A single sad man holding a Bible tries to talk people out of doing this, tells us all we’re sinning and to please don’t. He gives up after an hour. A nun replaces him with a small sign about how this is against God’s will. She leaves after it disintegrates in the rain.
The day before, when it was sunny, there had been a lot of protestors. Including a large Muslim group with their signs about how “Not even DOGS do such things!” Which… Yes they do.
A lot of snide words are said (by me) about how the fact that we’re willing to come out in the rain to do this while they’re not willing to come out in the rain to protest it proves who actually gives an actual shit about the topic.

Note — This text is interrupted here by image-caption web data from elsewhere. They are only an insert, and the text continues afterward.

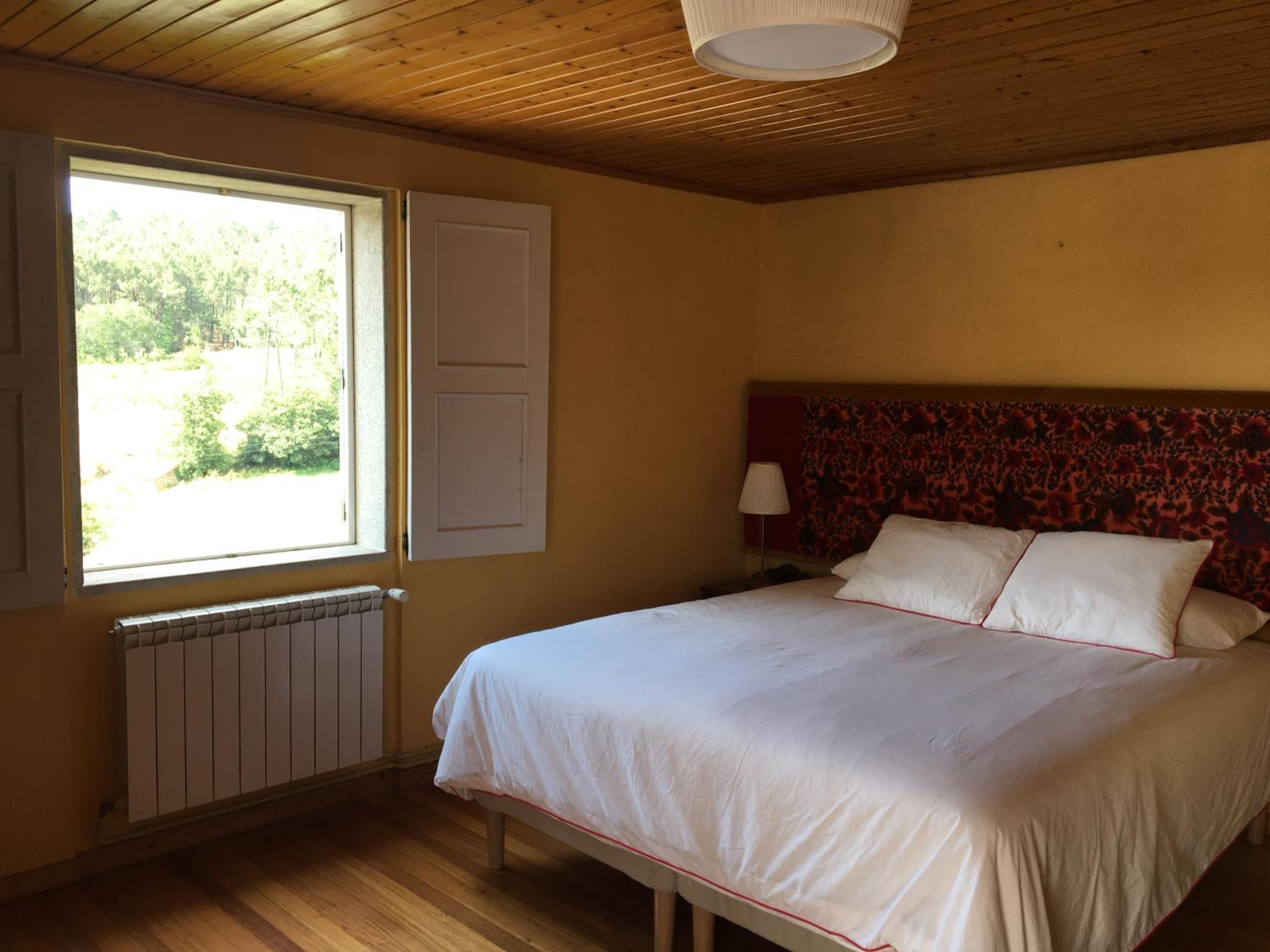Three-Bedroom House photo 3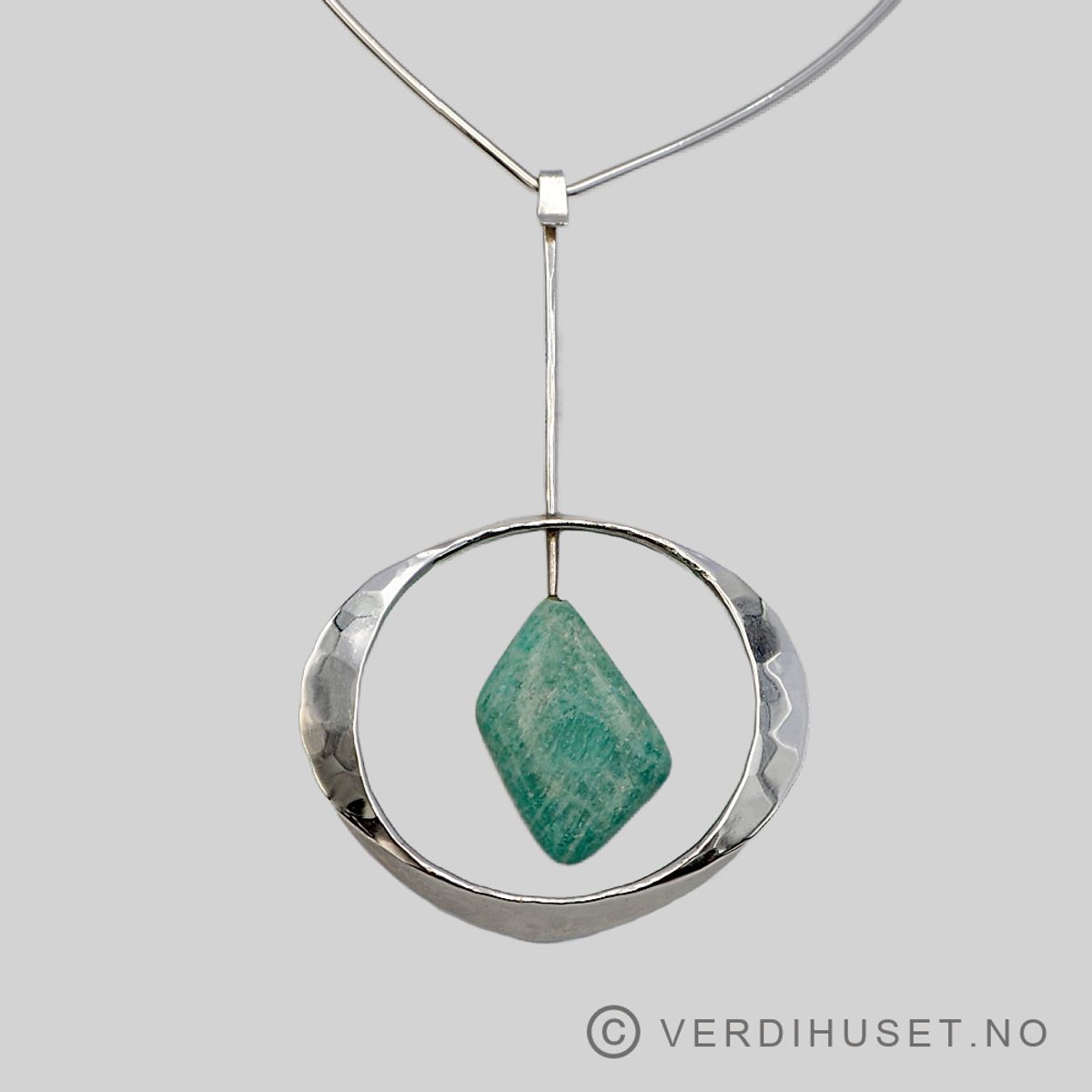 Anheng i sølv med amazonitt på klave - Tone Vigeland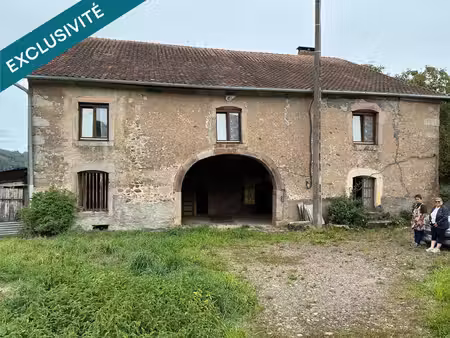 ferme comtoise d 'époque  150m 2 4 pièces  3 chambres sur 80 ares de terrain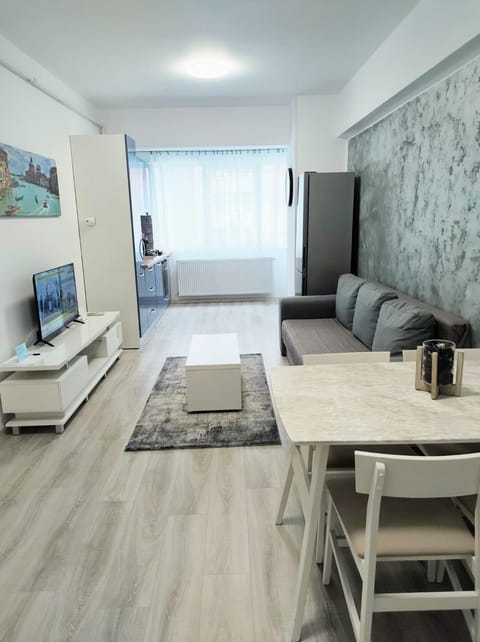 TV and multimedia, Living room, Dining area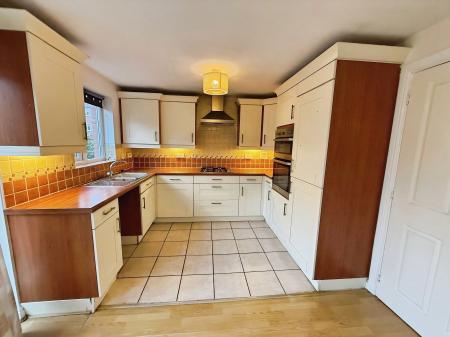 4 bedroom Town house for sale in Thacker Drive, Lichfield, WS13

Time passes. I measure it based on which side of City Hall we’re on. The doors face East. We start on Northside. Coffee and trashbags are delivered when we’re on the North Side. Pizza first starts showing up when we’re on Westside, which is also where I see Bible Man and Nun. Roses are delivered on Southside. And so forth.
00000
We have Line Neighbors.
Ahead of us are a gay couple a decade or two older than us. They’ve been together for eight years. The older one is a school teacher. He has his coat collar up and turns away from any news cameras that come near while we reposition ourselves between the lenses and him. He’s worried about the parents of one of his students seeing him on the news and getting him fired. The younger one will step away to get interviewed on his own later on. They drove down for the weekend once they heard what was going on. They’d started around the same time we did, coming from the Northeast, and are parked in a nearby garage.
The most perky energetic joyful woman I’ve ever met shows up right after we turned the corner to Southside to tackle the younger of the two into a hug. She’s their local friend who’d just gotten their message about what they’re doing and she will NOT be missing this. She is -so- happy for them. Her friends cry on her shoulders at her unconditional joy.
Behind us are a lesbian couple who’d been up in San Francisco to celebrate their 12th anniversary together. “We met here Valentines Day weekend! We live down in San Diego, now, but we like to come up for the weekend because it’s our first love city.”
“Then they announced -this-,” the other one says, “and we can’t leave until we get married. I called work Sunday and told them I calling in sick until Wednesday.”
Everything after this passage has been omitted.